——8月のシコニア設立に伴い社長に就きました。
藤本 武田薬品、アステラス製薬、三井住友銀行の出資の下、立ち上げた。社名のシコニアは、「コウノトリ」の学名。海外で通用するバイオベンチャーやスタートアップ、製薬企業を生み出すための創薬インキュベーターとなることをめざしている。
——具体的な取り組み内容は。
藤本 アカデミアや製薬企業、バイオテックで眠っているシーズをシコニアで自ら検証・評価し、有望なデータが得られた場合、ライセンス契約を結び、別途スタートアップを立ち上げるなどして製品化するというのが事業モデル。武田や米ジョンソン・エンド・ジョンソンなどがイスラエルで行っているインキュベーションの取り組みから着想し、提唱した。化合物の検討といった研究開発まで自社で行うのがベンチャーキャピタル(VC)との違いだ。
——まずどのようなシーズから検証・評価していきますか。
藤本 例えば研究開発戦略の見直しで戦力外になったような製薬企業のシーズから着手していきたい。設置する「サイエンスアドバイザリーボード」から助言を得て、判断していく。ポイントはメカニズムやターゲットの新規性。シコニア採用のサイエンティストが、外部機関も使いながら進めていく。当面、年4〜5件導入できればと考えている。武田やアステラスだけでなく、グローバル製薬も含めた複数企業にアプローチしている。
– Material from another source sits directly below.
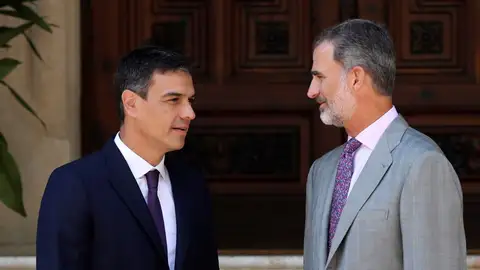 El rey Felipe VI y Pedro Sánchez El rey Felipe VI y Pedro Sánchez (Archivo)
——今後、どのようなペースで事業展開していきますか。
藤本 年度内に最初の検証・評価のための実験を行い、26年度にシコニア発の第1号スタートアップを設立するのが目標だ。27年度以降、この事業モデルを回し、海外での事業活動を基本としたスタートアップを年1〜2社、生み出せるようにしたい。サイエンティストの増員も計画中。将来は10人弱まで擁するようにしたい。